### Try it
Omitting all images, set down every line below exactly as it appears.

### The data

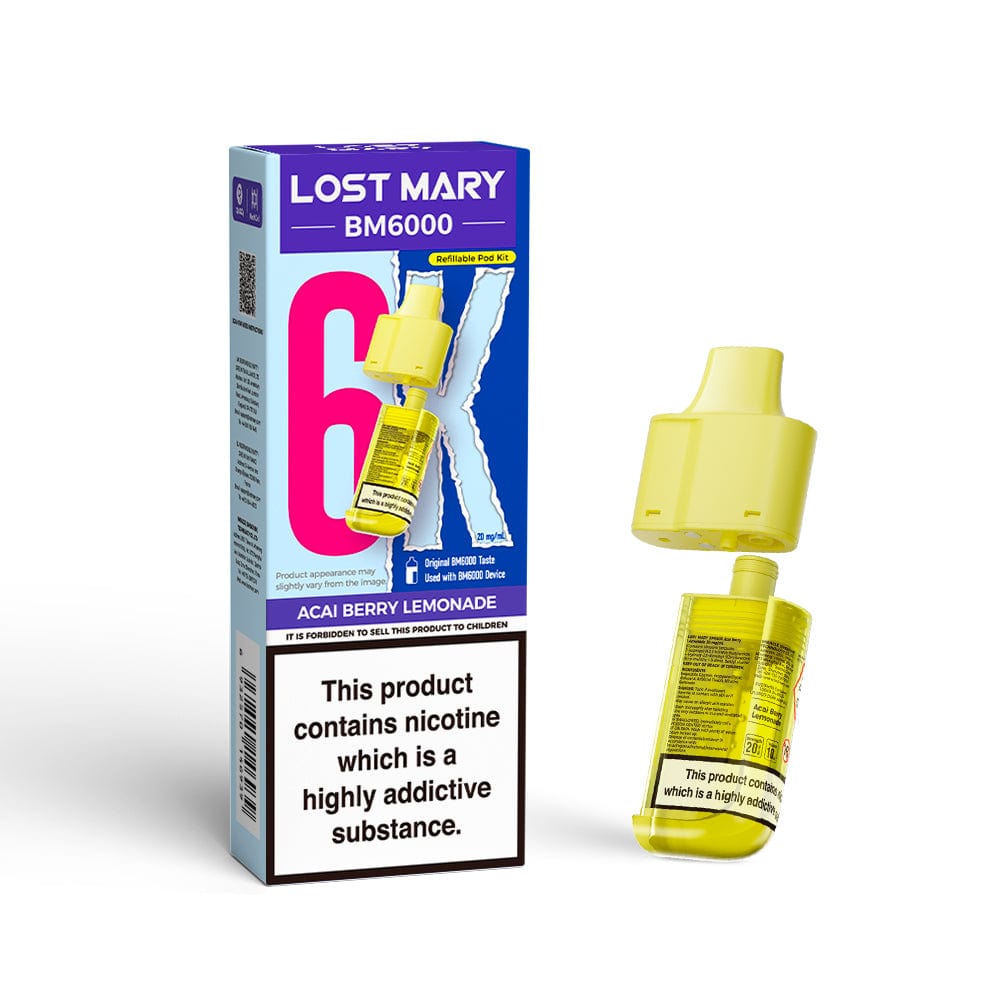 Replacement Pods Lost Mary BM6000 Compliant Replaceable Pod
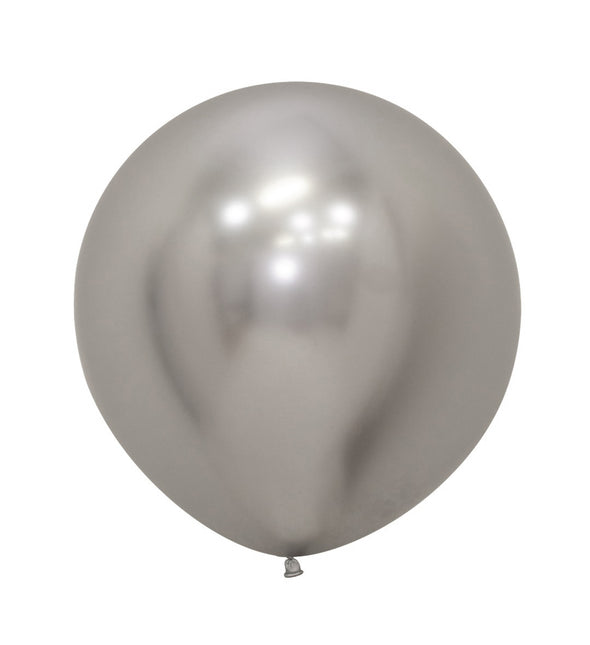 Palloncini Reflex Silver 61cm 3pz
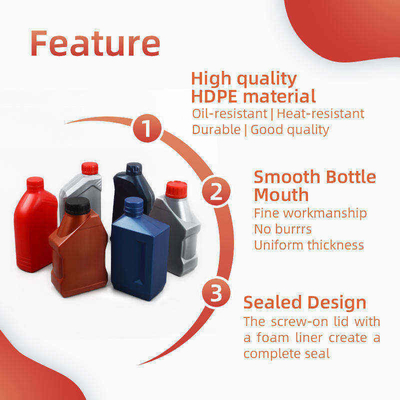 Preuve en plastique de fuite de bouteille d'essence du HDPE 1L de moteur de cruches vides d'huile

### Task result
 Replacement Pods Lost Mary BM6000 Compliant Replaceable Pod
 Palloncini Reflex Silver 61cm 3pz
 Preuve en plastique de fuite de bouteille d'essence du HDPE 1L de moteur de cruches vides d'huile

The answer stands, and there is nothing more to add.